O México, onde no ano passado Claudia Sheinbaum tornou-se a primeira mulher presidente na História do país, está na pior posição (142º) entre os países da América Latina no último Índice Mulheres, Paz e Segurança (WPS, na sigla em inglês), o único que avalia conjuntamente inclusão, justiça e segurança femininas. Ele também aparece em primeiro lugar na lista dos cinco países com mais casos de violência política contra mulheres, acompanhado do Brasil, Nigéria, República Democrática do Congo (RDC) e Mianmar. Juntas, essas nações representam 43% dos casos registrados globalmente no relatório.
Acesso à Justiça
Os piores desempenhos apresentados no Índice WPS, porém, estão concentrados principalmente no Oriente Médio e Norte da África. Afeganistão, RDC, Iraque, Síria e Iêmen têm figurado entre os 12 piores no ranking desde a primeira edição da pesquisa, em 2017/18. No Afeganistão, mais de 90% das mulheres vivem em proximidade direta com conflitos, e os riscos de violência política são os mais altos do Sul da Ásia. Lá, onde o regime repressivo do Talibã tem institucionalizado normas cada vez mais restritivas, apenas 5% das mulheres – que são metade da população do país – têm acesso a uma conta bancária própria.
— Há um tripé compartilhado entre o Afeganistão e o Norte da África. Primeiro, uma leitura errada do Islã, com o uso da religião como justificativa para subjugar a mulher. Depois, a relação entre um baixo Índice de Desenvolvimento Humano (IDH) e o acesso limitado da mulher ao conhecimento, o que facilita sua manipulação frente à Justiça; e a falta de ONGs e sistemas societários que protejam os direitos dessas mulheres — disse Priscila Caneparo, doutora em direito internacional.

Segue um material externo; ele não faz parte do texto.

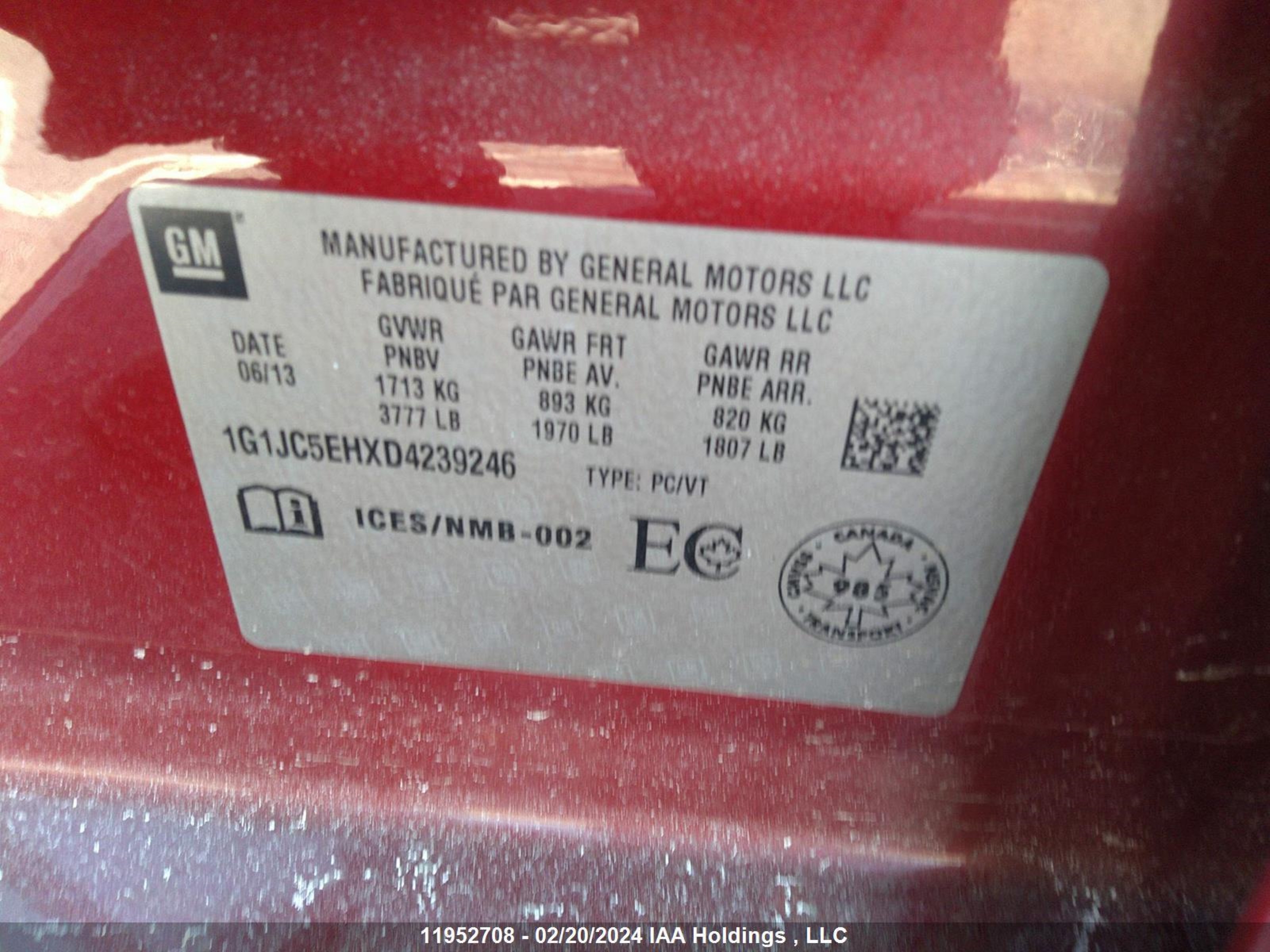 Photo 8 VIN: 1G1JC5EHXD4239246 - CHEVROLET SONIC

Mesmo entre países da União Europeia, que costumam aparecer em melhores posições no Índice, entre 40% e 50% das mulheres já relataram ter sofrido investidas sexuais indesejadas, contato físico forçado ou outras formas de assédio sexual no ambiente de trabalho, onde a parcela feminina também sofre mais preconceito. Segundo a ONU, metade da população mundial ainda acredita que homens são líderes melhores do que as mulheres.
— Ao limitar a participação econômica e social plena das mulheres, leis discriminatórias prendem milhões de pessoas em um ciclo de pobreza e dependência, tornando-as mais vulneráveis à exploração e aos maus-tratos — diz Shivangi, da Equality Now. — Promover os direitos das mulheres, por outro lado, impulsiona o progresso, e ainda assim eles continuam sendo restringidos em todo o mundo. É essencial responsabilizar todas as nações por seus compromissos e obrigações.